By uniqueness of solutions of initial value problems it follows that
$u''(M_{b})< 0$ and thus $M_{b}$ is a local maximum. Next suppose there
exists $M_{0}>R$ such that $M_{b} \leq M_{0}$ for all $b>0$.
Letting $v_{b}(r) = \frac{u(r)}{b} $ then from \eqref{DE2} we have
$v_{b}(R)=0$, $v_{b}'(R) = 1$ and
\begin{equation}
v_{b}''(r) + \frac{N-1}{r} v_{b}'(r) + K(r)\frac{f(b v_{b}(r))}{b} = 0 \quad
\text{for } r \geq R. \label{frank}
\end{equation}
It follows from \eqref{energy}-\eqref{energy2} that
 $$
\Big(\frac{1}{2} \frac{v_b'^{2}}{K} + \frac{F(bv_b)}{b^2} \Big)' \leq 0 \quad
 \text{for } r\geq R
$$
and thus
 \begin{equation}
\frac{1}{2} \frac{v_b'^{2}}{K} + \frac{F(bv_b)}{b^2}
 \leq \frac{1}{2K(R)}\quad \text{for } r\geq R. \label{energy3}
\end{equation}
It then follows from \eqref{energy3} and (H2)--(H4) that  $|v_{b}'|$ is
 uniformly bounded for large $b>0$ on $[R, \infty)$.
So there is a constant $C_{1}>0$ such that
\begin{equation}
 |v_{b}'| \leq C_{1} \text{ for large } b>0 \quad \text{and all } r \geq R.
  \label{taft}
\end{equation}
We now fix a compact set $[R, R_{0}]$. Then on $[R, R_0]$ we have by
\eqref{taft}
$$
|v_{b}| = |(r-R) + \int_{R}^{r} v_{b}'(t) \, dt| \leq ( 1 + C_{1})(R_{0}-R)
$$
so we see that $|v_{b}|$ is uniformly bounded for large $b$ on $[R, R_{0}]$.

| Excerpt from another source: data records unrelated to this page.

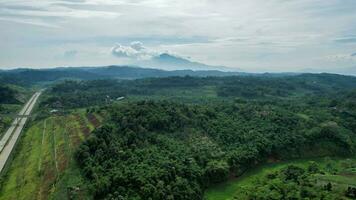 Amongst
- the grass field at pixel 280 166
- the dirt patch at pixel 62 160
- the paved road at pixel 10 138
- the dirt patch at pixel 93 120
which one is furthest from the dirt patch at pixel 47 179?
the grass field at pixel 280 166

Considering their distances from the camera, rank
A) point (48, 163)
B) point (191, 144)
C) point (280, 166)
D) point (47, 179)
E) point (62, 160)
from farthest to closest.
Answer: point (280, 166)
point (191, 144)
point (48, 163)
point (62, 160)
point (47, 179)

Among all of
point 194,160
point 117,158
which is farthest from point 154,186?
point 194,160

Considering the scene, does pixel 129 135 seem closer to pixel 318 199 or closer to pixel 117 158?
pixel 117 158

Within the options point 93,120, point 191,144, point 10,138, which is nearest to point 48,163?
point 93,120

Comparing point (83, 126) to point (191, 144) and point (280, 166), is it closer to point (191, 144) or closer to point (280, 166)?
point (191, 144)

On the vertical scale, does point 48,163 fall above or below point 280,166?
above

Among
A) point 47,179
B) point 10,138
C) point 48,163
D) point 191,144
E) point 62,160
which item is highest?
point 191,144

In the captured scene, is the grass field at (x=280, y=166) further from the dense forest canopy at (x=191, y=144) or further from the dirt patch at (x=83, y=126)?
the dirt patch at (x=83, y=126) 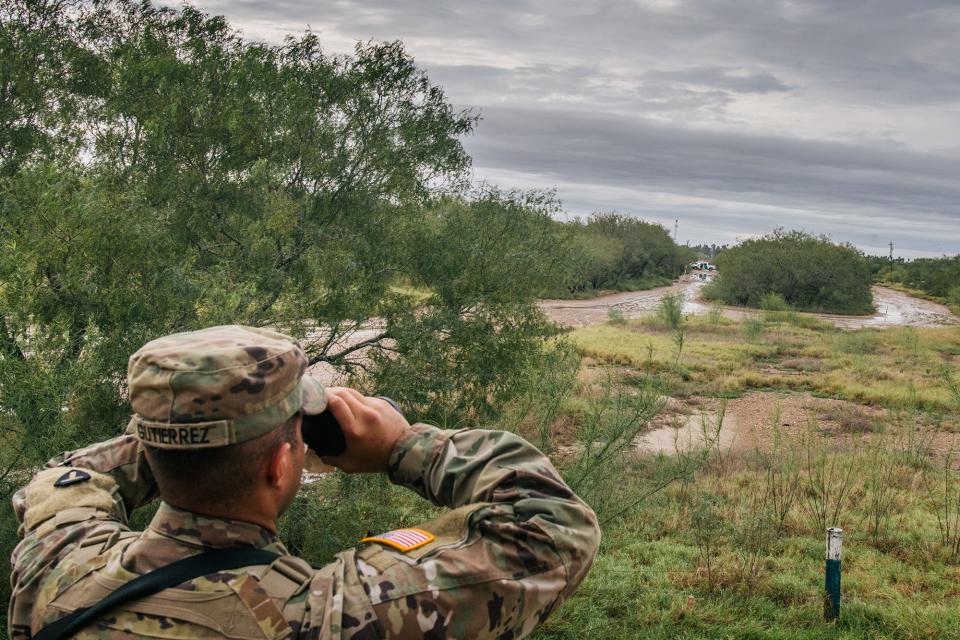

In addition from (H1)--(H2) it follows there is a constant $C_{2}>0$ such that
\begin{equation}
|f(u)| \leq C_{2}|u|^{p} \quad \text{for all } u \label{waylon}
\end{equation}
and therefore since the $v_{b}$ are uniformly bounded on $[R, R_{0}]$
and $0<p<1$ it follows that
\begin{equation}
|  \frac{f(b v_{b})}{b} | \leq \frac{C_{2}|v_{b}|^p}{b^{1-p}} \to 0 \quad
\text{as } b \to \infty. \label{estreet}
\end{equation}

Then from \eqref{frank} and \eqref{estreet} we see that $|v_{b}''|$
is uniformly bounded on $[R, R_{0}]$. So by the Arzela-Ascoli theorem
there is a subsequence of  $v_{b}$ (still denoted $v_{b}$) such that
$v_{b} \to v_{0}$ and $v_{b}'\to v_{0}'$ uniformly on $[R, R_{0}]$ as
$b\to \infty$. It then follows from \eqref{frank} that $v_{b}''$ converges
uniformly to $v_{0}''$ on $[R, R_{0}]$ and  $v_{0}'' + \frac{N-1}{r}v_{0}' =0$.
Since $R_{0}$ is arbitrary we see that $v_{0}'' + \frac{N-1}{r}v_{0}' =0$
on $[R, \infty)$.
Thus, $r^{N-1}v_{0}' = R^{N-1}$ and
$v_{0} = \frac{R^{N-1} [R^{2-N} - r^{2-N}]}{N-2}$. Now since $M_{b}\leq M_{0}$
 for all $b>0$ then a subsequence
of $M_{b}$ converges to some $M$ and since $v_{b}'(M_b)=0$ it follows that
$v_{0}'(M)=0$. However this contradicts that $v_{0}'= \frac{R^{N-1}}{r^{N-1}}>0$.
 Therefore our assumption that the $M_{b}$ are bounded is false and so we
see $M_{b} \to \infty$ as $b \to \infty$.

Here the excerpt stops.